Police have seized 75,000 marijuana plants in the Cariboo since a dedicated task force was established six months ago, but no one has yet gone before the courts.
Federal RCMP spokesman Const. Michael McLaughlin said police have recommended charges against 36 people, who have all been released on promises to appear, but the Crown has yet to approve charges against any of them.
“When you’re dealing with sophisticated investigations, this is something that is standard procedure for us,” McLaughlin said Tuesday at a press conference in Prince George.
“When you’re talking about the scale of these operations, a lot of investigators have to gather a lot of evidence, and we’ve got to meet that beyond-reasonable-doubt proof in court. So you know we’re going to make darn sure we have very solid charges.”
The Cariboo Regional Integrated Marijuana Enforcement Task Force was launched in September 2010 after a public outcry about increased numbers of suspected pot growers and traffickers in the area.
“After the six-month mark, we can definitively say that the people of the Cariboo are absolutely right. There is a problem, we are investigating and we’re going to continue to do so,” said McLaughlin, who urged the public to continue reporting suspicious activity.

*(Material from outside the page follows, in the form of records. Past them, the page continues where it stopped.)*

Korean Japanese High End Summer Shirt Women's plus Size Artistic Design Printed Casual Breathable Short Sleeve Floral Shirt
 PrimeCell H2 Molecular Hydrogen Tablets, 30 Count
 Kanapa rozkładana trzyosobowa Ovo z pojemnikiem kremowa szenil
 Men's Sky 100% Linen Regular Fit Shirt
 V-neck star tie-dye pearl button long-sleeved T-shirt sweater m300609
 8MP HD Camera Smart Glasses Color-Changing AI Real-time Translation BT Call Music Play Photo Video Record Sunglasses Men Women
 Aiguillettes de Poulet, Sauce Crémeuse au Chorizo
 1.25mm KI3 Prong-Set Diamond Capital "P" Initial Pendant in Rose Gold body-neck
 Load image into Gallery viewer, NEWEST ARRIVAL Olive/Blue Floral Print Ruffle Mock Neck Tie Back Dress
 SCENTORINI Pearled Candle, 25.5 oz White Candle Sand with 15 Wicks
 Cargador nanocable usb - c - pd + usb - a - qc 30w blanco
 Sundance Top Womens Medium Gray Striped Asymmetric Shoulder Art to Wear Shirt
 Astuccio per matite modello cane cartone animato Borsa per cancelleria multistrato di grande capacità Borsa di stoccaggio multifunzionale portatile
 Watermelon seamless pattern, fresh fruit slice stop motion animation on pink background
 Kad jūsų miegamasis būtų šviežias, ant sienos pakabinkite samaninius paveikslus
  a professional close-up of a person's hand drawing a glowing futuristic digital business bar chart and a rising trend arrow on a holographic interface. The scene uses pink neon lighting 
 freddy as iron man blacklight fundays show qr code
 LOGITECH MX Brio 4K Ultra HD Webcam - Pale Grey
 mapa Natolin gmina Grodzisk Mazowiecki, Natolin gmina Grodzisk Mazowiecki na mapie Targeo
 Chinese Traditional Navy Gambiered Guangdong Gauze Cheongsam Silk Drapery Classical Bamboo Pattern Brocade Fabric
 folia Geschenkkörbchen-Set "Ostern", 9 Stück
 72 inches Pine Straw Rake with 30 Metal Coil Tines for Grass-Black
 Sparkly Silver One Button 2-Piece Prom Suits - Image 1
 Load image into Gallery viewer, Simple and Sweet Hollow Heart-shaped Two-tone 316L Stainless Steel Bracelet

RCMP North District commander Barry Clark said the “vast majority” of people arrested in connection with the grow-ops hail from the Lower Mainland. And, more alarmingly, “a large percentage of these accused are being investigated for potential ties to Asian-based and other organized crime groups.”
Clark said growers are attracted to the Cariboo by its sparse population and relatively cheap land, on which they place “purpose-built” grow structures and leave behind “toxic ponds” filled with herbicides, diesel fuel and other chemicals used in their operations.
Cariboo North MLA Bob Simpson said he will lobby the provincial government to establish a civilian remediation team to clean up the toxic grow-ops, “then figure out the jurisdictional issues, figure out the back charges from there.”
Simpson also said he would work with all levels of government to ensure the continued operation of the task force, which is currently only funded through September 2011.
“I think it would be foolish of us to signal to organized crime, particularly these Asian gangs, that the Cariboo is open for business again,” Simpson said.
CRIME, staffed by between 15 and 25 dedicated RCMP officers, is funded by an arrangement between municipalities from 100 Mile House to Prince George and the federal and provincial governments. McLaughlin would not say what the operation has cost to date, because its investigations are ongoing.
“At this point, we absolutely would not jeopardize a criminal trial by releasing things like cost,” he said.
Meanwhile, criminologist Darryl Plecas, who also spoke at Tuesday’s press conference, said his statistics show the grow-ops taken down by CRIME boasted an average of 1,100 plants (the largest, near Williams Lake, had 8,600) and could be expected to produce annual crops valued at $500,000.
Plecas studies crime as the RCMP research chair at the University of the Fraser Valley. He said Cariboo grow-ops have increased in number and size by five times since the late-1990s, with disproportionate consequences in the courts.
“People are growing five times as much product, clearly in the range of where it’s hard to imagine they could not have organized crime connections… (and) we’re still giving people sentences as if they were mom-and-pop operations,” Plecas said. “It’s mind boggling.”